(Problem statement): Leaving out all pictures, copy the lines below exactly, from the line with "The crank will" to the last line, both ends included.

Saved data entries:
= Beginning of Section =

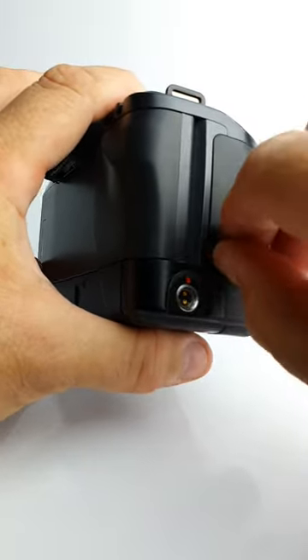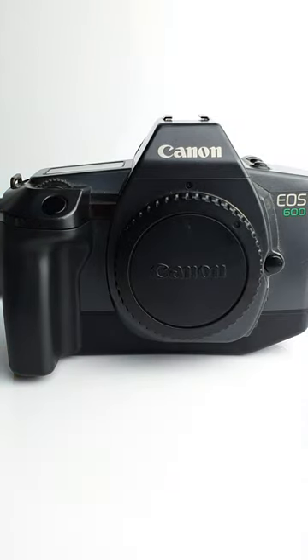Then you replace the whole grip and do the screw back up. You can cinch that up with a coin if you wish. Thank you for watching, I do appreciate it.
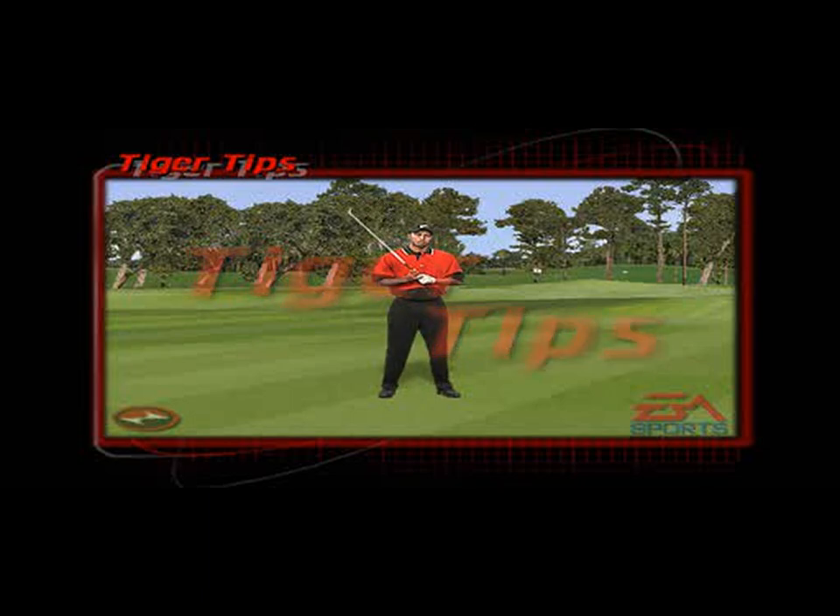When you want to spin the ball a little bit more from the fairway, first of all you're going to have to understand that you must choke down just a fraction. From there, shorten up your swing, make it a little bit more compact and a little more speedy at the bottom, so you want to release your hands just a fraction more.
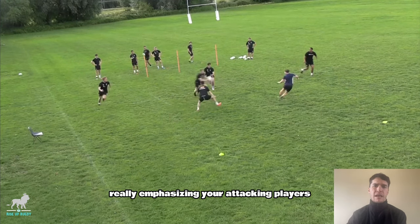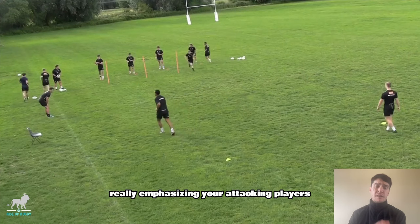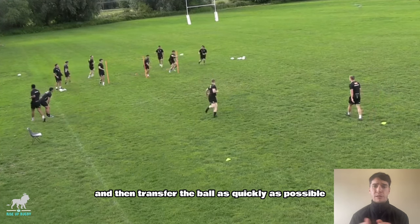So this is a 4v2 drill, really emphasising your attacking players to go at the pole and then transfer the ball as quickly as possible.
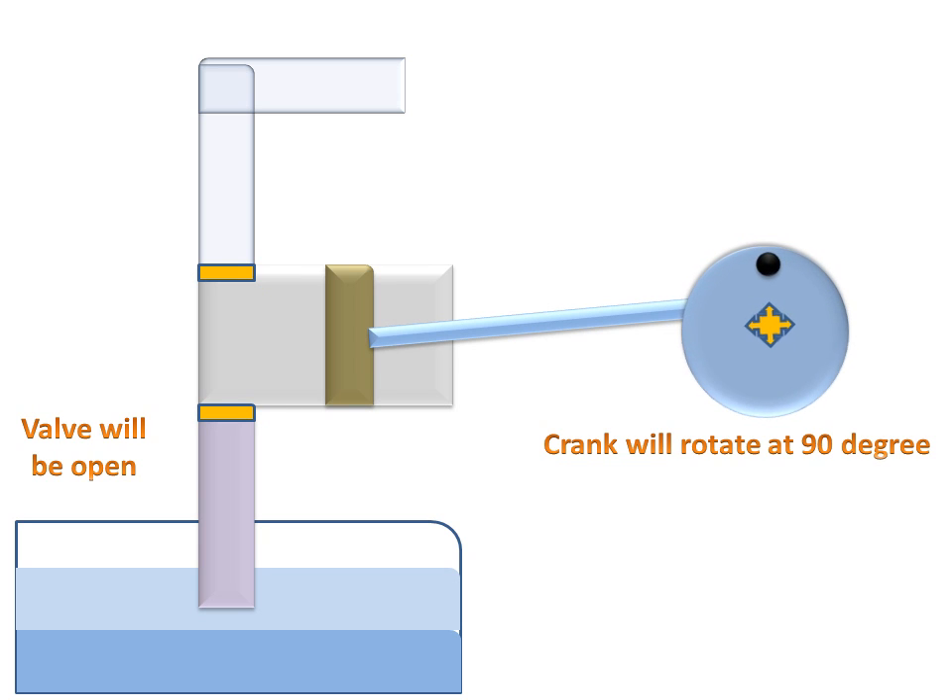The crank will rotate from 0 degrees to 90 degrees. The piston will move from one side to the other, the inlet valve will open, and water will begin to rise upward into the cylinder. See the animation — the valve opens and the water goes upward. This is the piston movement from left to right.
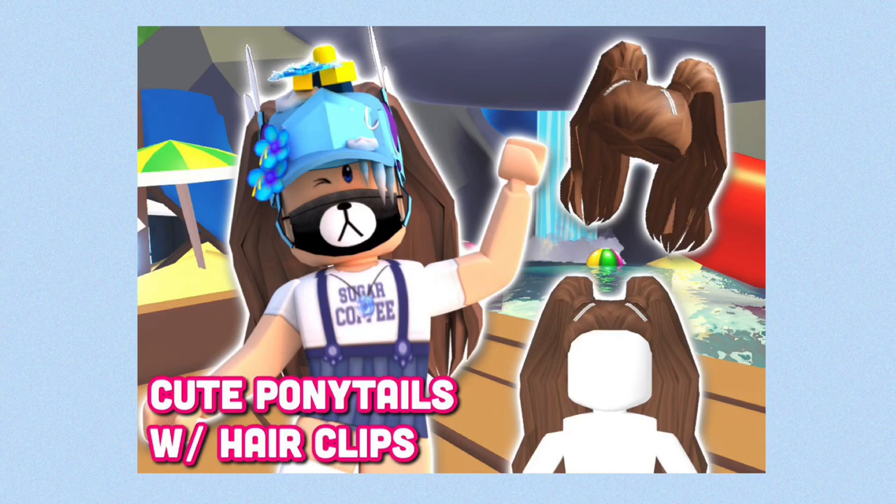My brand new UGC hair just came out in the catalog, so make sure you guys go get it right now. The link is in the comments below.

= End of Section =

(Solution to the exercise):
The crank will rotate from 0 degrees to 90 degrees. The piston will move from one side to the other, the inlet valve will open, and water will begin to rise upward into the cylinder. See the animation — the valve opens and the water goes upward. This is the piston movement from left to right.
My brand new UGC hair just came out in the catalog, so make sure you guys go get it right now. The link is in the comments below.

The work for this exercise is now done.